In a cover story in the January 2014 issue, Editor Tim Talevich asks whether government regulators are "making progress in the effort to make food safer?"
To answer this question, the editor met with officials from the U.S. Department of Agriculture's Food Safety and Inspection Service.
He also asked Craig Wilson, who oversees "Costco's food safety and quality-assurance program, to explain how food safety is promoted within Costco, from fresh meats prepared in warehouse meat departments to packaged foods that come from suppliers."
The magazine doesn't discuss Costco Wholesale food products that are raised on animal antibiotics, growth hormones or both.
The vast majority of meat and poultry sold at my Costco Wholesale contain harmful animal antibiotics, and labels on farmed fish are silent on whether their feed contains antibiotics or preservatives.

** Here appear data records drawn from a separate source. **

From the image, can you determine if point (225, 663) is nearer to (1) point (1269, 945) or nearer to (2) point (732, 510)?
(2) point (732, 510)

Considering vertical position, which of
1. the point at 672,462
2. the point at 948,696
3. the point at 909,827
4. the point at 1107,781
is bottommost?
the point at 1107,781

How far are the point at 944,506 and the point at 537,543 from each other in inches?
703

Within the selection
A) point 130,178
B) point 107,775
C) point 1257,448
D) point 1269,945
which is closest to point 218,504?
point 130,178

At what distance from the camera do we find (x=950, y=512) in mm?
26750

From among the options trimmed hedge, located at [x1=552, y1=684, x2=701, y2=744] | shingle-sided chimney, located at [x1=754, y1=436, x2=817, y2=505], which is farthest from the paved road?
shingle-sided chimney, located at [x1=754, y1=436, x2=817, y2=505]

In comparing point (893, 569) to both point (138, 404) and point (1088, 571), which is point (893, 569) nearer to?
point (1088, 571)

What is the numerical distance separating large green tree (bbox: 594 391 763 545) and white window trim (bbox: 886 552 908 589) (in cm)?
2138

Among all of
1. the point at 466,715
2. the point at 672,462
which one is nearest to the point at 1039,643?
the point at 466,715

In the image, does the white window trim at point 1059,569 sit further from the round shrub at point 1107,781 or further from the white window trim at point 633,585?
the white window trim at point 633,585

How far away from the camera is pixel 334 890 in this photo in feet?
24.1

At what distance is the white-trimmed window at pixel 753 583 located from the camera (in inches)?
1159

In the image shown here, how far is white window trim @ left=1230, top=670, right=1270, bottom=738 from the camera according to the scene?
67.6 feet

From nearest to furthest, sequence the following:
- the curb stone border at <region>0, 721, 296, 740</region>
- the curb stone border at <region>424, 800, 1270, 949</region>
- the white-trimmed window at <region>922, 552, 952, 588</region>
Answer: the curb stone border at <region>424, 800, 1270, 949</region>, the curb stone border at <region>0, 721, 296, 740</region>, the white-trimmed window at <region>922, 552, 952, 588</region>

That includes the wildly popular Kirkland Signature whole rotisserie chickens.
At the Hackenack Costco, I've seen two antibiotic-free poultry brands, Coleman Organic and Empire Kosher. The store also carries organic ground beef.
The ShopRite and Stop & Shop supermarket chains also offer their own brands of antibiotic-free chicken, and I've seen Coleman Organic chicken parts in several North Jersey ShopRites.
Whole Foods Market pledges all of its farmed seafood is raised without antibiotics and preservatives.
Consumer Reports could have done a better job of communicating that all chicken, including more expensive organic and antibiotic-free brands, can be contaminated with bacteria.
A heading in the index, repeated in a prominent headline on Page 30 of the February 2014 issue reads:
"The high cost of cheap chicken"
Also, chicken breasts aren't the only parts that harbor harmful bacteria.
The Consumer Reports article includes a photo and story about Richard Schiller, 51, of San Jose, Calif., who was sickened by a salmonella strain found in the Foster Farms chicken thighs he ate.